Volgens mij draait het grote verhaal van de Bijbel om de eenheid van God en Zijn schepping. Ik zie het Koninkrijk van God, de toekomst van God, primair als een gemeenschap van verzoende mensen die in harmonie leven met de schepping. Wij zijn op aarde, wij zijn mens om God lief te hebben boven alles en onze naaste als onszelf. Dat is het grote gebod, en alles hangt daaraan.

Dit grote verhaal van gemeenschap en liefde roept allerlei vragen en perspectieven op, omdat er allerlei kloven door de mensheid lopen. Bijvoorbeeld:

  • Hoe kan dit een gemeenschap zijn waar daders en slachtoffers samenleven? Het betekent dat je in gaat zien dat de meest idealistische weg ook een weg is naar nieuw geweld en polarisatie. Het opent de reële mogelijkheid dat je geen deel zult uitmaken van die gemeenschap als je niet bereid bent om vergeving te ontvangen.

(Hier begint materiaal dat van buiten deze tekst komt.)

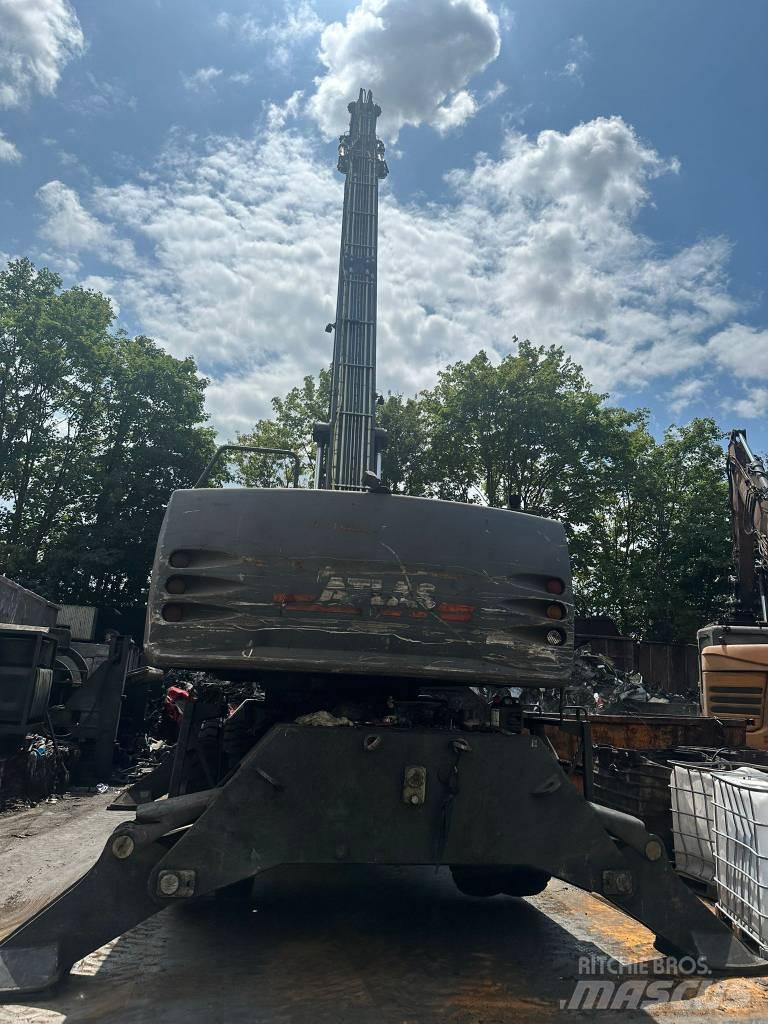 Atlas 520 MH Bagri za prekladanje primarnih/sekundarnih surovin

  • Hoe kan dit een gemeenschap zijn waar sterken en zwakken samenleven? Leven in de richting van dit Rijk betekent oefening in nederigheid, in afzien van je recht, in leren geven en delen.
  • Hoe kan dit een gemeenschap zijn waar mensen uit verschillende culturen en talen samenleven? Hier gaat het om een zoektocht waarin enerzijds dat wat ons eigen en uniek maakt bewaard blijft, terwijl het tegelijk niet meer ‘verdelend’ werkt.

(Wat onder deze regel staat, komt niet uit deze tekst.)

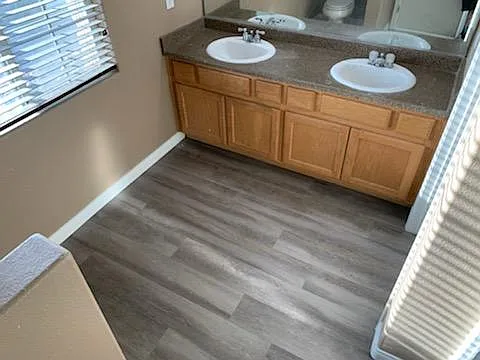 2 bed, 2.5 bath, 1292 sqft, $1,490 — Photo 4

Ik zie het christelijk geloof dus als een weg waarin we leren om lief te hebben. En die weg is er één waar het Koninkrijk op een mysterieuze manier verbonden is met het kruis (de omkering van verhoudingen, het oordeel over zonde en egoïsme, de verklaring van onbeschrijfelijke liefde). Heil is dan enerzijds dat we als pioniers tekenen en voorbeelden scheppen van dit soort gemeenschap (vaak heel fragiel en tijdelijk), en anderzijds het verhaal blijven vertellen dat dit soort voorbeelden betekenis geeft en zin verleent. Maar ik denk wel dat deze gemeenschapsthematiek ons volop in staat stelt de relevantie van Jezus’ leven, sterven en opstaan te laten zien, en tegelijk volop in de wereld te staan. Want dit leven van Jezus is hét leven. Ik kan het niet anders zien.